It's never gonna happen but the plans look great.
Oh, the tales we will tell of the once great construction boom.
And our grandkids will never believe us.
They said the same in 2001, 2009
It might take 5-20 years, but building boom will return. Boston will come back. Some things will be very different, others will be largely the same.
dead cat basketball
We havent seen anywhere near rock bottom yet.

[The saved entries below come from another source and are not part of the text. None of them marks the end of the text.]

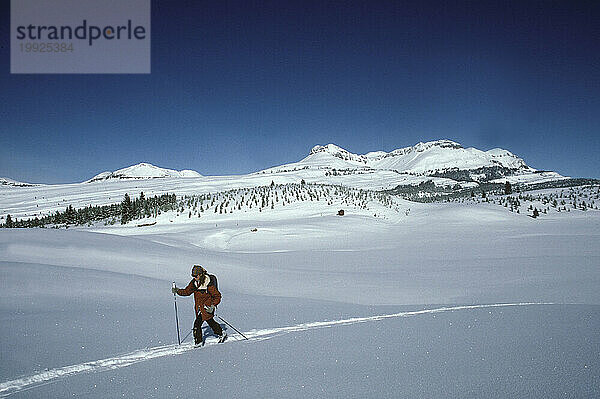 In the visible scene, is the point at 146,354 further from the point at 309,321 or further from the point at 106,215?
the point at 106,215

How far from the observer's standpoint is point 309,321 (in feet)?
22.1

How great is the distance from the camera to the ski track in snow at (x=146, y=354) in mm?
4184

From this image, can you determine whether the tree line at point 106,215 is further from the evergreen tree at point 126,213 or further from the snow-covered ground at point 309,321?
the snow-covered ground at point 309,321

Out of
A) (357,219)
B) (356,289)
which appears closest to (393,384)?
(356,289)

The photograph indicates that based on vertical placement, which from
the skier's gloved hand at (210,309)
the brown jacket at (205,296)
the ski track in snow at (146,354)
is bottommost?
the ski track in snow at (146,354)

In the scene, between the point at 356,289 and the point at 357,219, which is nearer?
the point at 356,289

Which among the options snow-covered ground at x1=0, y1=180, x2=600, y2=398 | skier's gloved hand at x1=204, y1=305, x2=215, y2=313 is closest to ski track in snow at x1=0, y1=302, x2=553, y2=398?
snow-covered ground at x1=0, y1=180, x2=600, y2=398

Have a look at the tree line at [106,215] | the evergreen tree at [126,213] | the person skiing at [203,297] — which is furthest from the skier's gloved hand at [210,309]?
the evergreen tree at [126,213]

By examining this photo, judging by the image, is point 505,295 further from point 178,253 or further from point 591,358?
point 178,253

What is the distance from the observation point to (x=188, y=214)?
29.3 metres

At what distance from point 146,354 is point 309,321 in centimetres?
302

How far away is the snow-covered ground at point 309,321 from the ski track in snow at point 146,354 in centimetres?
3

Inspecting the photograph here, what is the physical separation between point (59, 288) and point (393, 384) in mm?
7647

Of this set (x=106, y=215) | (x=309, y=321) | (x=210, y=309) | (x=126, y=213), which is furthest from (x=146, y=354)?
(x=106, y=215) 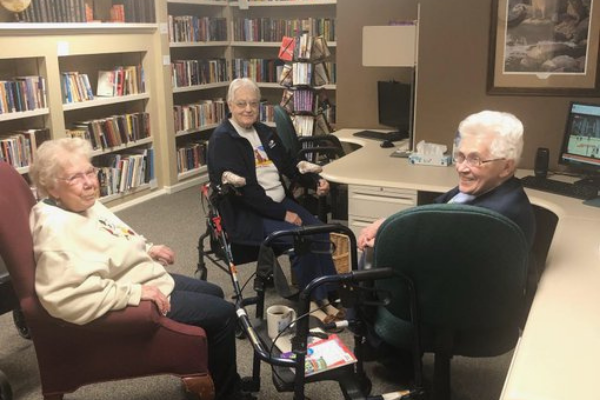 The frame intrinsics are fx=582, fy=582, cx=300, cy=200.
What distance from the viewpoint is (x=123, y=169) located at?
498 cm

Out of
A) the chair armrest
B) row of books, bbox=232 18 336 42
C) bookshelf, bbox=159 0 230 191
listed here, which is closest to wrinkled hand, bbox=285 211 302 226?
the chair armrest

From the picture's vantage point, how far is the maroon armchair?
1.81 metres

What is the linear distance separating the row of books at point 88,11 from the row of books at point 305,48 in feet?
3.95

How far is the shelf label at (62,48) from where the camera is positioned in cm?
425

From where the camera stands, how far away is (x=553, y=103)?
10.4ft

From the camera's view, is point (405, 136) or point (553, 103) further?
point (405, 136)

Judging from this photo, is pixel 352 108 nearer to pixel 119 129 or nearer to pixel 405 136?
pixel 405 136

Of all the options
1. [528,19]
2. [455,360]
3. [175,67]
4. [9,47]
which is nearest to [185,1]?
[175,67]

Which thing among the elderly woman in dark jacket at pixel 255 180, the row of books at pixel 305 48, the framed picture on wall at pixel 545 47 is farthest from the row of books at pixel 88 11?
the framed picture on wall at pixel 545 47

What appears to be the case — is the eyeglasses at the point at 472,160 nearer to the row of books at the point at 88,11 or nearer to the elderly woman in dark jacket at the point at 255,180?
the elderly woman in dark jacket at the point at 255,180

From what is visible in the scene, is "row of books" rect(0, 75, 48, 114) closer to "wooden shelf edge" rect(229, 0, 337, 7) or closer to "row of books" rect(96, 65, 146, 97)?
"row of books" rect(96, 65, 146, 97)

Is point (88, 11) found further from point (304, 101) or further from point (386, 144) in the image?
point (386, 144)

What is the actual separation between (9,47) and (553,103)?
3.42 metres

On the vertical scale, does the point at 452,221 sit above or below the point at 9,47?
below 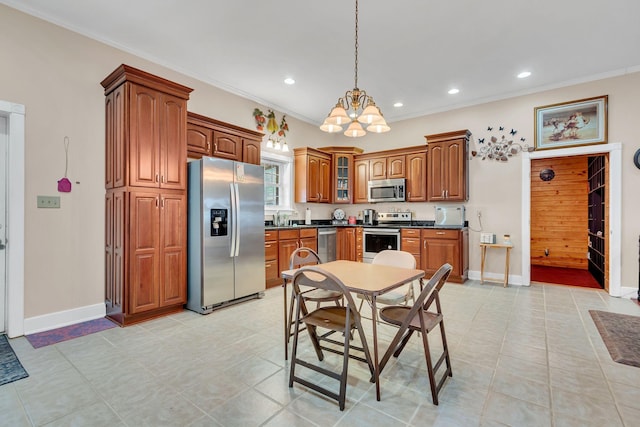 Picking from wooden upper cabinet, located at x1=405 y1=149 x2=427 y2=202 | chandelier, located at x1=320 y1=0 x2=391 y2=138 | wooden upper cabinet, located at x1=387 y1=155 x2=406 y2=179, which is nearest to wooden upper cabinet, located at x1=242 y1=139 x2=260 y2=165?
chandelier, located at x1=320 y1=0 x2=391 y2=138

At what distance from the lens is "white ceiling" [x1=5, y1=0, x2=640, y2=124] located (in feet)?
9.66

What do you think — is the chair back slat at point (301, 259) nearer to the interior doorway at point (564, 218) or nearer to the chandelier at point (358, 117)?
the chandelier at point (358, 117)

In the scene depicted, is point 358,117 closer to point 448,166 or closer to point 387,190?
point 448,166

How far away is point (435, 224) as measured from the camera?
5.63 metres

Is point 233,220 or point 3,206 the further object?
point 233,220

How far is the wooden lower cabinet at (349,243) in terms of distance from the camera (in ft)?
19.6

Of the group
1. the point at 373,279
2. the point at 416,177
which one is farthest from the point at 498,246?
the point at 373,279

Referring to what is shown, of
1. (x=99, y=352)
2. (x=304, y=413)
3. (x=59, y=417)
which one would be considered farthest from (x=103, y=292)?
(x=304, y=413)

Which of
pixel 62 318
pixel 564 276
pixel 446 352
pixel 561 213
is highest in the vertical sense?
pixel 561 213

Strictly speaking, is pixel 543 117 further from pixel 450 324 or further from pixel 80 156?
pixel 80 156

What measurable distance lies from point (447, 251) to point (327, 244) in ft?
6.99

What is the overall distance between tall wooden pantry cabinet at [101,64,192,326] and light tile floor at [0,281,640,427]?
0.40m

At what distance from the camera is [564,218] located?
6730mm

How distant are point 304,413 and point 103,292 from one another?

You are right about things being "very different" though. I will give you that.
Walter Cronkite?
Yes, Walter Cronkite was a mainstay of CBS News; but WBZ-TV was an NBC station during the Cronkite era. Cronkite retired from the evening news show in 1981, and Channel 4 didn't switch to CBS until 1995.
Nice catch
I'm old enough to vaguely remember that switch. I think it was rough for them since NBC led ratings in the late 90s.
WBZ-TV is top to bottom CBS Now
Reality is that CBS and WBZ-TV are so intrinsically linked today -- that a few days ago when CBS News HQ in NYC was temporarily closed to be cleaned because of the SARS-2-Cov virus -- CBS in Boston aka WBZ was being simulcast to the entire CBS-N Network
Our local anchors had the opportunity to play on the Network Stage and our local Ch4 [aka WBZ] weather was replaced by CBS National Weather -- originating on Soldiers Field Road
For a few hours WBZ was the nucleus of CBS News
Note: that while WBZ was an NBC affiliate -- it was never an NBC owned network station
NBC was descendant from RCA which in turn was begat by GE. Eventually GE under the late Jack Welch reacquired NBC -- before GE finally disposed of it to Comcast.
Meanwhile -- WBZ a radio pioneer -- was a Westinghouse creation tracing its radio heritage to the earliest days in the 1920's in Springfield. After it moved to Boston -- WBZ was the first local broadcaster to introduce TV to the market and much later the first local broadcaster to introduce streaming to the market.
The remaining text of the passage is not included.